Quintin defendió la acción de los distintos servicios regionales, federales e internacionales para hacer frente al incendio que se declaró el pasado viernes en el parque natural de las Hautes Fagnes, en la provincia de Lieja (centro-este de Bélgica), y que todavía sigue activo, aunque bajo control.
El ministro liberal aseguró que este incendio ha demostrado que los equipos y autoridades belgas "ya cuentan con una experiencia y unas capacidades considerables" y que la evaluación de esta crisis "permitirá introducir mejoras".

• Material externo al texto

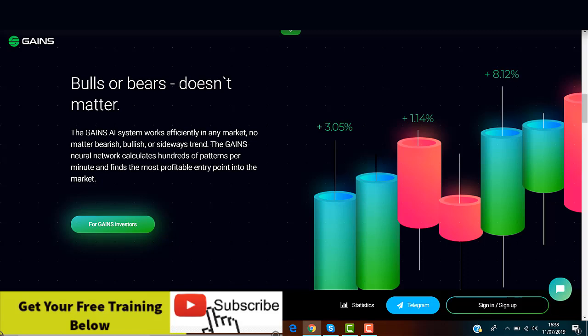These trading systems according to them supposedly generate 3% returns on business days and 1.5% return on weekend days. They say also that their returns are stable and guaranteed every day.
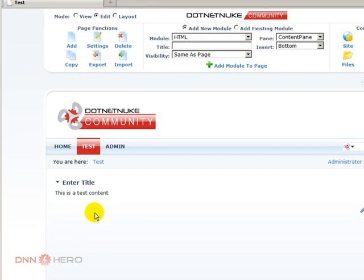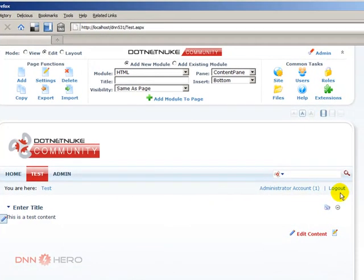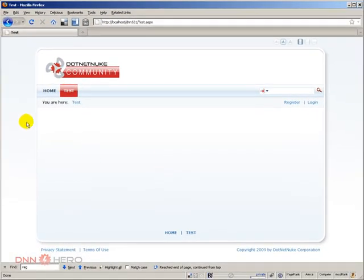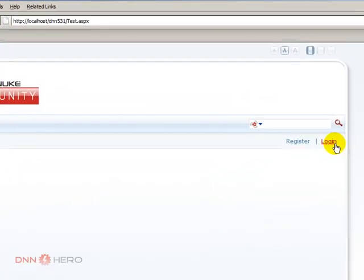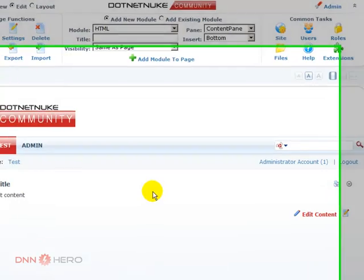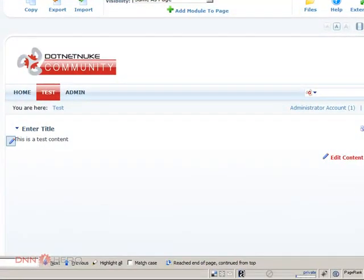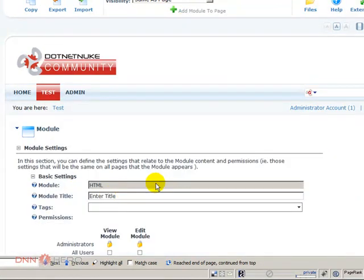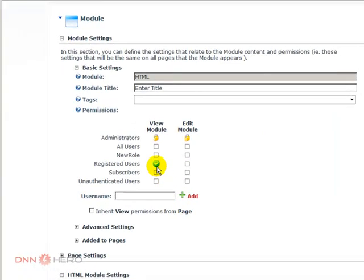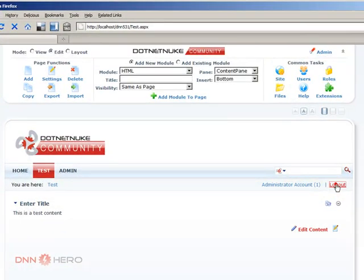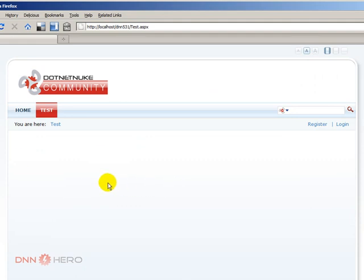I'm a registered user, I can see it. But if I log out and go to the test page, the content is no longer there. I'm going to log back in. If I go there again to the settings, I can say that not registered users, but only users under the new role will have access. Click update. Log out. The content is no longer there because only users under the new role will have access.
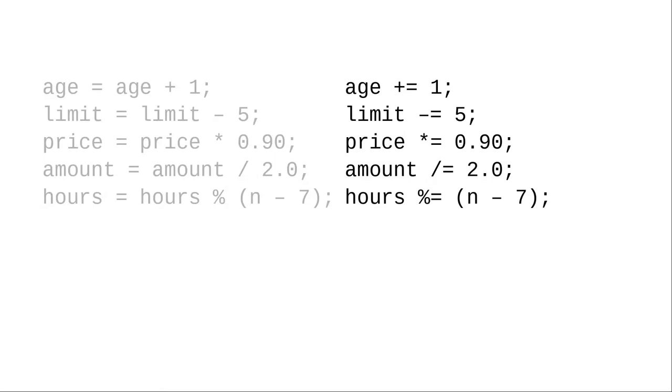I read them as age plus and becomes 1, limit minus and becomes 5, price times and becomes 0.9, amount divided becomes 2, and hours mod and becomes n minus 7.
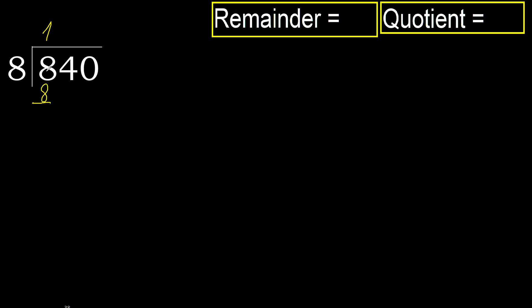Okay, subtract 8 minus 8, 0. Next, eliminate 0 here.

"La fase provincial ha funcionado. El apoyo federal ha funcionado. La solidaridad entre nuestras zonas de socorro ha funcionado. Y el mecanismo de solidaridad europea también ha funcionado. Eso es, para mí, una gestión eficaz de la crisis", manifestó ante los parlamentarios.
El incendio, que arrancó el 14 de agosto hacia las 13.06 horas en Baelen, ha calcinado unas 3.000 hectáreas de la reserva natural más antigua de Valonia, protegida desde 1957.